Once you find the line with "thumbnail image 4" in the data below, transcribe exactly each line from there to the line with "sticker 10 of 21", inclusive, and nothing else. Drop the pictures.
[Data to process Boundary: Start]
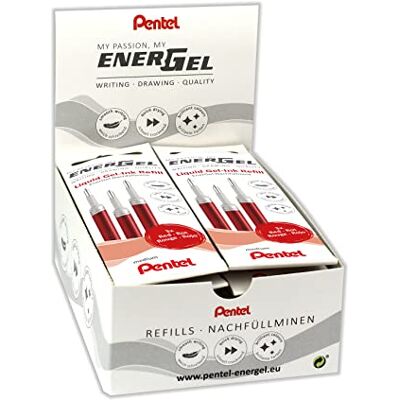 Pentel EnerGel LR7 Nachfüllmine für 0.7 mm Gelschreiber, rot (12 x 3 Stück) Pentel EnerGel LR7 Nachfüllmine für 0.7 mm Gelschreiber, rot (12 x 3 Stück)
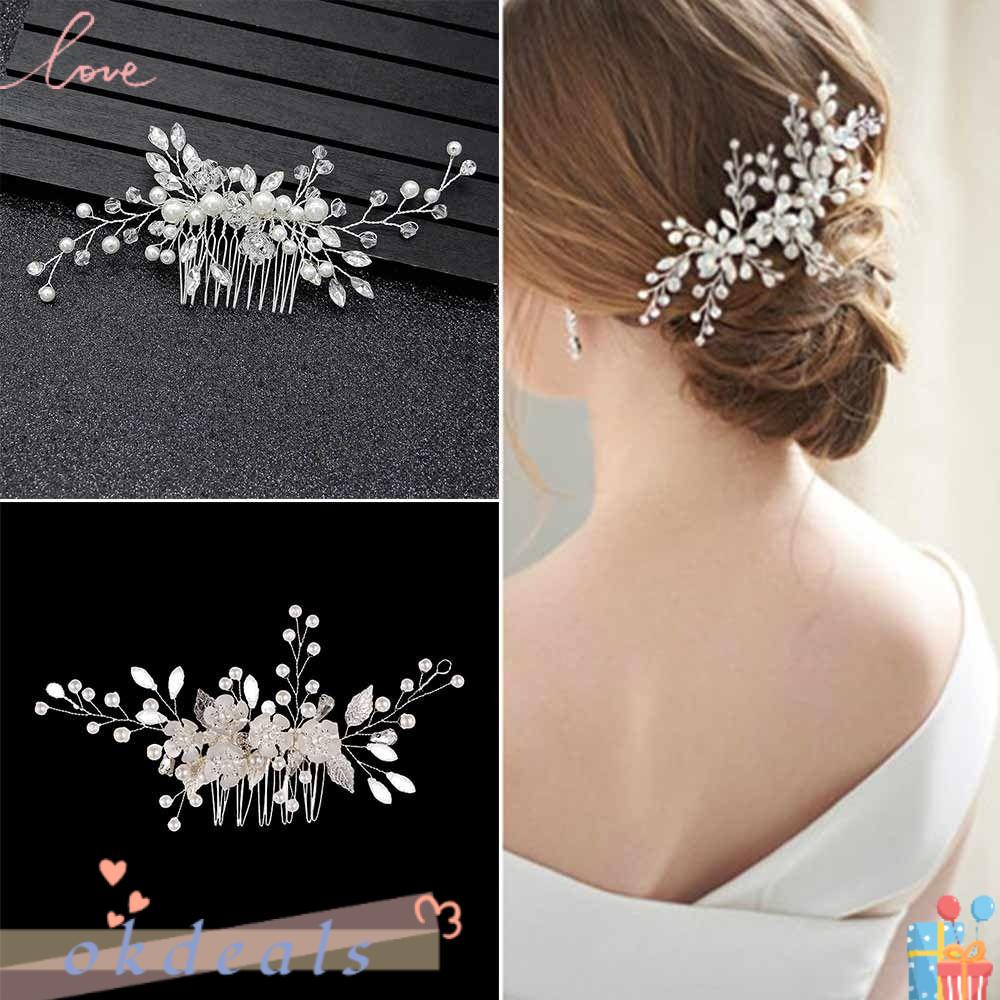 Lược Cài Tóc Trang Trí Hoa Cho Cô Dâu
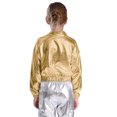 thumbnail image 4 of Doomiva Boys' Girls' Modern Jazz Cheer Performance Set Hip Hop Street Dance Clothes 2-Piece Gold 16, 4 of 5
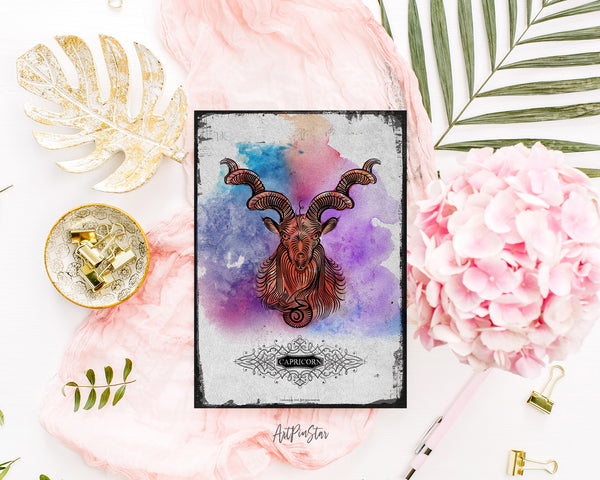 Horoscope Capricorn Prediction Yearly  Astrology Art Customized Gift Cards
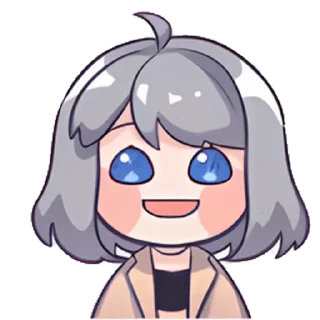😀 emoji 星瞳QQ装扮 @xingtongofficial Telegram sticker 10 of 21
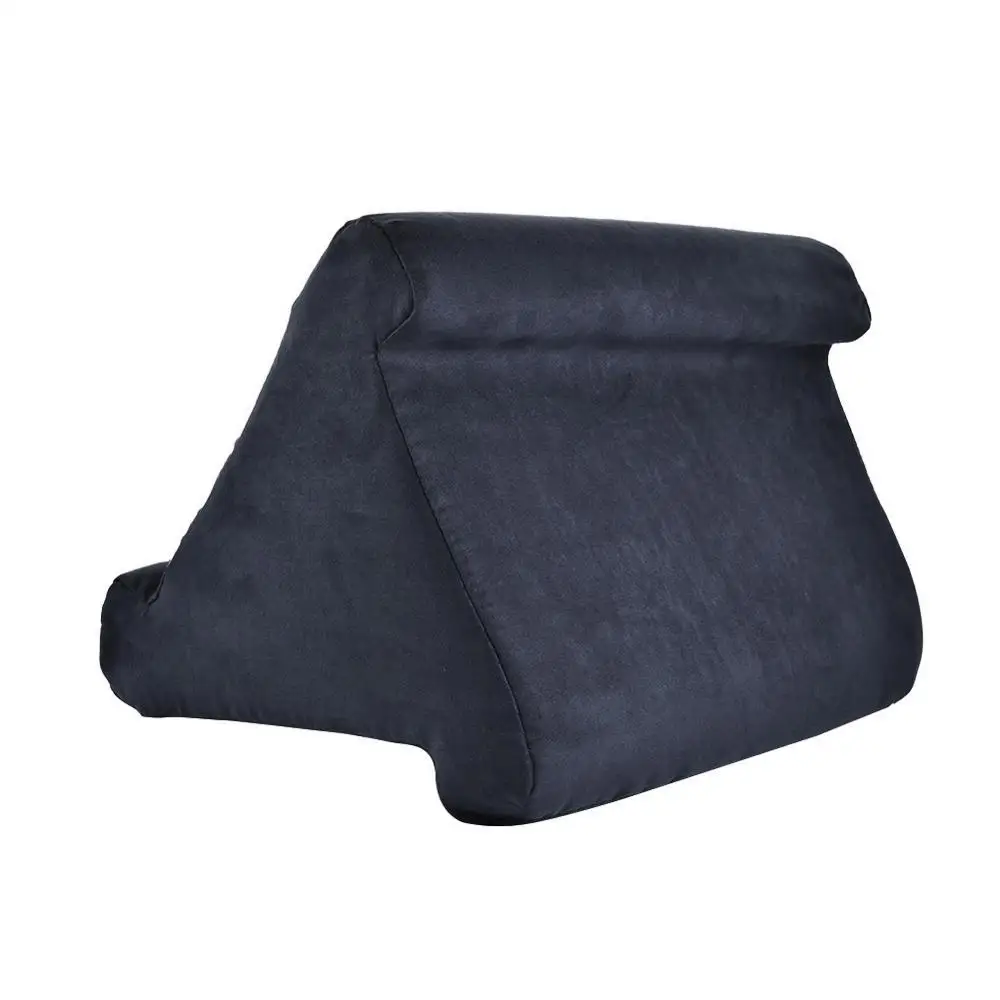 Dark Blue Портативная Складная мягкая настольная Подушка Подставка держатель крепление для iPad планшета мульти-угол телефон планшет для чтения кронштейн инструменты - Цвет: Dark Blue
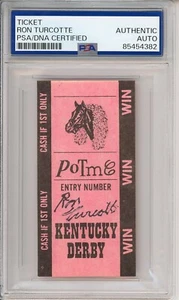 Ron Turcotte SIGNED Kentucky Derby Win Betting Ticket Secretariat PSA DNA COA - Picture 1 of 2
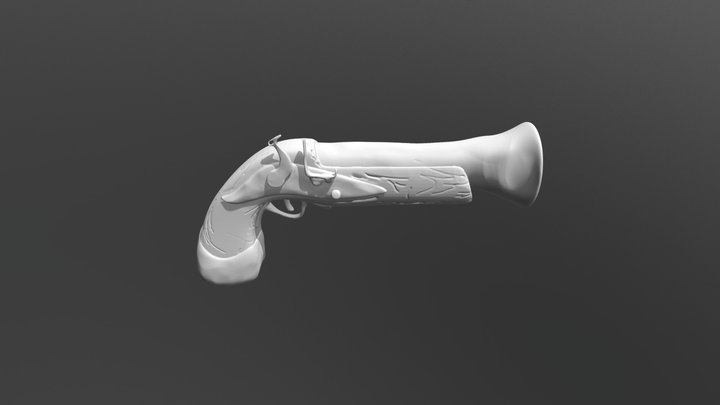 High Poly 3D Model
[Data to process Boundary: End]
Answer area —
 thumbnail image 4 of Doomiva Boys' Girls' Modern Jazz Cheer Performance Set Hip Hop Street Dance Clothes 2-Piece Gold 16, 4 of 5
 Horoscope Capricorn Prediction Yearly  Astrology Art Customized Gift Cards
😀 emoji 星瞳QQ装扮 @xingtongofficial Telegram sticker 10 of 21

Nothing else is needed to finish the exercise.